Many secular love songs are clear examples of how we want God’s rules (read “God’s word”) without a relationship with Him. The only way those words could ever be truth is if God Himself is saying them, not a mere human being. The devil is a liar, a copy-pasting liar, albeit a very convincing one. Satan is a plagiarist. There is no such thing as true love without a truth context.

Does True Morality Require the Gospel?

Another thing that I’ve noticed in love songs; they are very effective in communicating Christ-like values such as “perseverance”, “patience”, “commitment” etc. Take Joe’s “I believe in you” for example; “I believe in you, I swear that forever from today, no one will ever take your place…” or even Whitney Houston’s “I will Always Love You.” The title speaks for itself.

What virtues are being communicated in these songs? Commitment. Undying love. Sounds noble, doesn’t it. Commendable even. Who wouldn’t want a promise of commitment? Unfortunately, that’s all those words are, empty promises. The promise is not just empty because the lover won’t keep it, the promise is empty because the lover can’t keep it. Even worse, the promise is blasphemous because the lover should not make it as if the power to keep it lies in himself.

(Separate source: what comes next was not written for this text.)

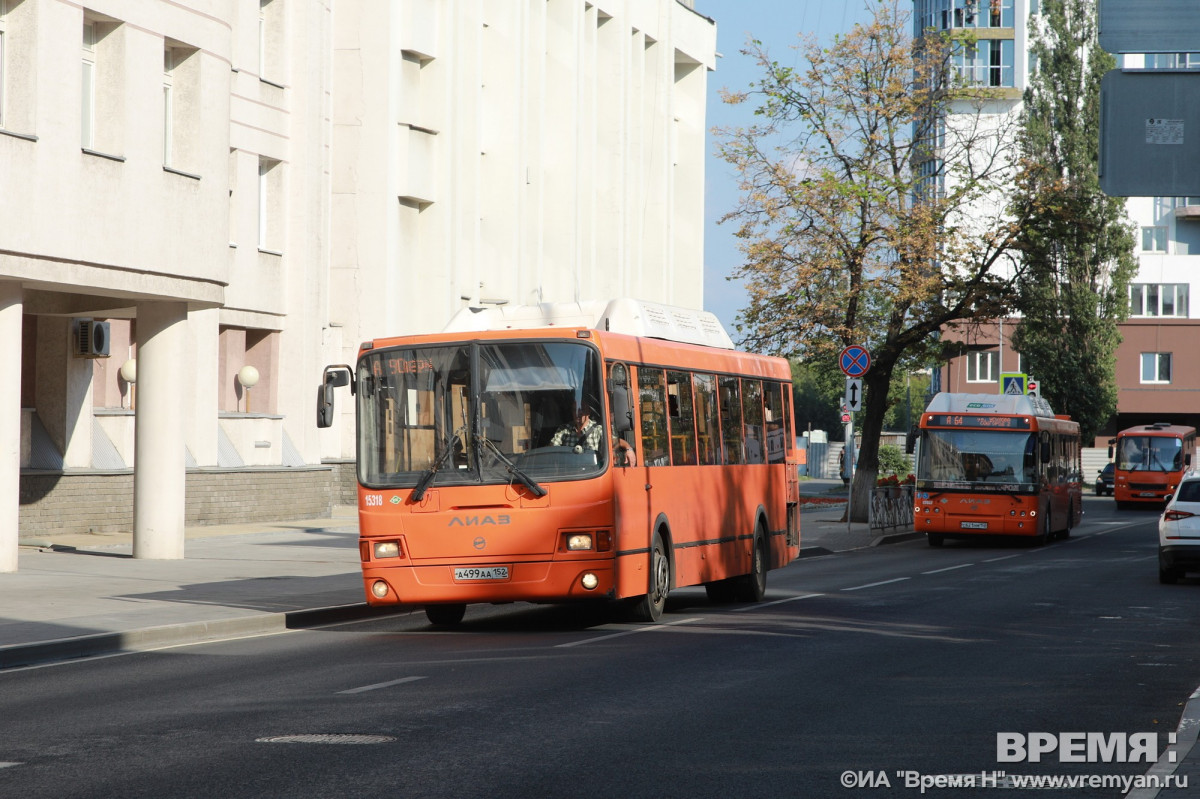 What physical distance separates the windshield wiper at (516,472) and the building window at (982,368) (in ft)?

In the Bible, there’s only one person who is able to make (and keep) such promises, Jesus Christ. Romans 8:38-39 reassures us that “Neither death nor life, neither angels nor demons,neither the present nor the future, nor any powers,neither height nor depth, nor anything else in all creation, will be able to separate us from the love of God that is in Christ Jesus our Lord.”

The point here is so obvious that it is easily missed: God makes such a promise, not because it sounds nice and loving, but because it IS loving. He makes such a promise because HE is the only one who can keep such a promise. We do not have in us the legal right to make such a promise, let alone the natural capability to keep it. (James 4:13-15)

Many secular love songs are able to evoke deep emotions in us because they appeal to a certain core of our felt needs. These felt needs don’t require any reality, logical consistency or reason-ability. Felt needs can easily be met by saying the right things at the wrong time. Felt needs can easily be met by saying the right things to the wrong people. Why, felt needs can even easily be met by just having the wrong person saying the right things! But as long as these felt needs are not anchored to reality, to truth, they are all vain.

The Bottom Line

As long as Christians continue to preach the benefits of the Gospel to people who have not embraced the Gospel, we are merely fattening lost souls for hell. As long as we continue to preach moral reformation without anchoring the root of that morality to the cross of Christ, we are merely making people decent sinners. As long as we are encouraging, uplifting and motivating souls that have not heard the gospel, we are merely soothing the consciences of spiritual zombies.

JESUS is our TRUTH and our RIGHTEOUSNESS. (1 Cor 1:30).

What this world needs is the Gospel. What this world needs first is relationship with God, a relationship that begins by hearing the message of the Cross, believing the message and being reconciled with the God of that Gospel. A relationship that continues by being transformed by that God of the Gospel. What this world needs is to live in Christ, move in Christ and have its being in Christ. Any other approach to Christianity, no matter how “Christian”, “loving”, “considerate” and “tolerant” it sounds, is just another path to destruction.

One thought on “Christian Lessons from Secular “Love” Songs

  1. Seasons greetings my good friend!
    I only have one quarrel with you today, don’t you find the existence hell to demean the character of a loving god. I mean if he is infinite, what can you and me do to displease an infinite being?